E ancora: un parlamentare noto per essere la spina del fianco dei “giustizialisti”, Enrico Costa di Azione, ha in tasca un decalogo di emendamenti, molti dei quali a tutela della presunzione d’innocenza. Si va dal trasferimento del fascicolo se gli eccessi mediatici dei pm alterano la sensibilità del giudice, fino a pesantissime sanzioni pecuniarie per il giornalista che pubblica indebitamente atti giudiziari. Oggi quel reato esiste ma è ridicolo: con 129 euro può essere “oblato”, cioè cancellato. E infatti non c’è Procura che perda tempo a perseguirlo. Ma nel pacchetto Costa, quei 129 euro diventano 50mila, addirittura 100mila nei casi più gravi.

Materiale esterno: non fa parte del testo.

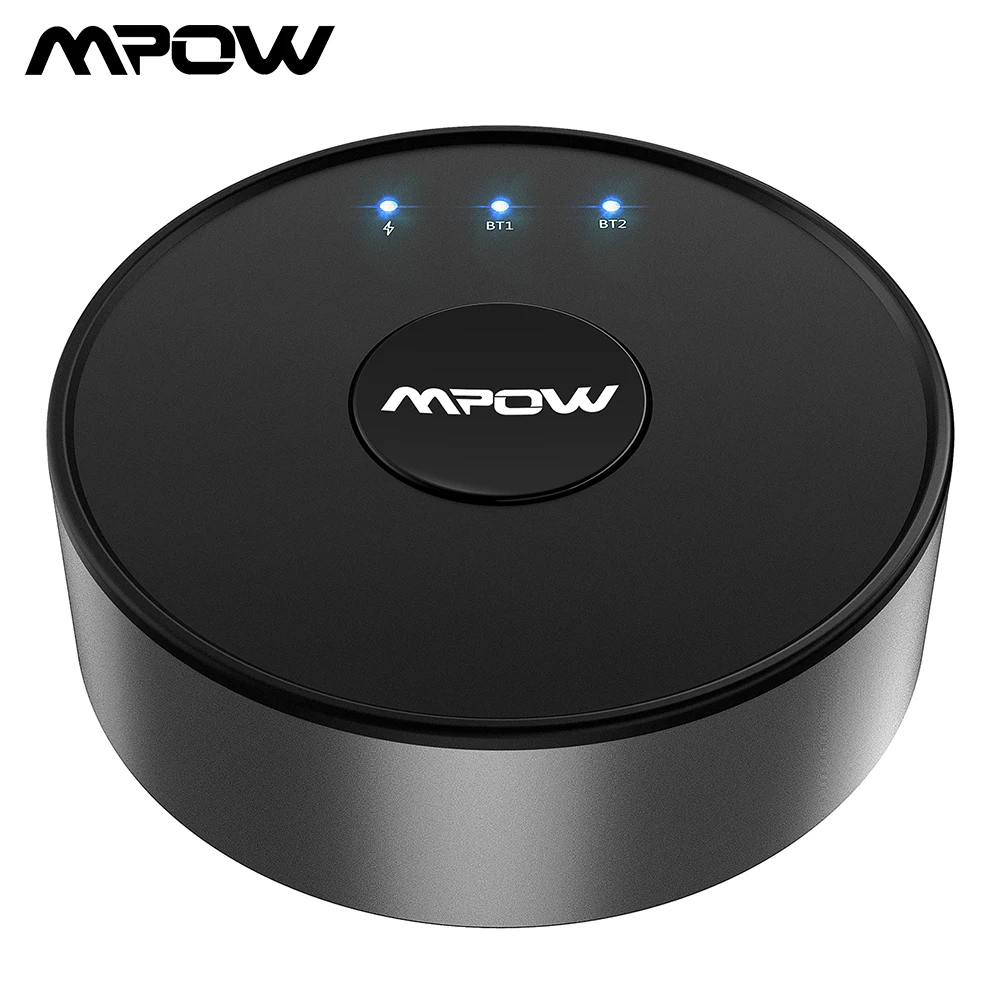 Mpow BH261 Bluetooth 5,0 передатчик aptX с низкой задержкой оптический 3,5 мм беспроводной аудио адаптер для ТВ ПК компьютер Bluetooth наушники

È una resa dei conti definitiva fra le due anime che, in materia penale, convivono nella maggioranza. Non si sottrae al gioco l’azzurro Francesco Paolo Sisto, sottosegretario alla Giustizia ma pure paladino dell’avvocatura: «Tutto ciò che è scambio documentale, come il deposito degli atti o l’accesso ai documenti, può e deve essere oggetto di semplificazione informatica», dice, ma «la digitalizzazione non può mai estendersi fino all’annullamento della componente umana. Non è pensabile che gli strumenti telematici si spingano fino a creare la figura dell’avvocato digitale, intento a discutere le cause a mezzo schermo, e a trasformare il processo in una sorta di law game». In tempo di inni alla digitalizzazione non è una didascalia di contorno. E in un quadro simile, non si può ridurre tutto al niet scontato del Movimento 5 Stelle: sul tavolo ci sono tali e tante spinte garantiste ( ne arriveranno pure dai renziani) che la rinuncia alla bandierina della prescrizione sarà solo uno dei sacrifici necessari. I rapporti di forza non devono però far pensare a una pratica destinata a risolversi in poco tempo. Servirà tutta la capacità di mediazione della guardasigilli per evitare che la riscoperta dell’imputato come figura centrale nel processo scateni un’isteria permanente fra i partiti di governo.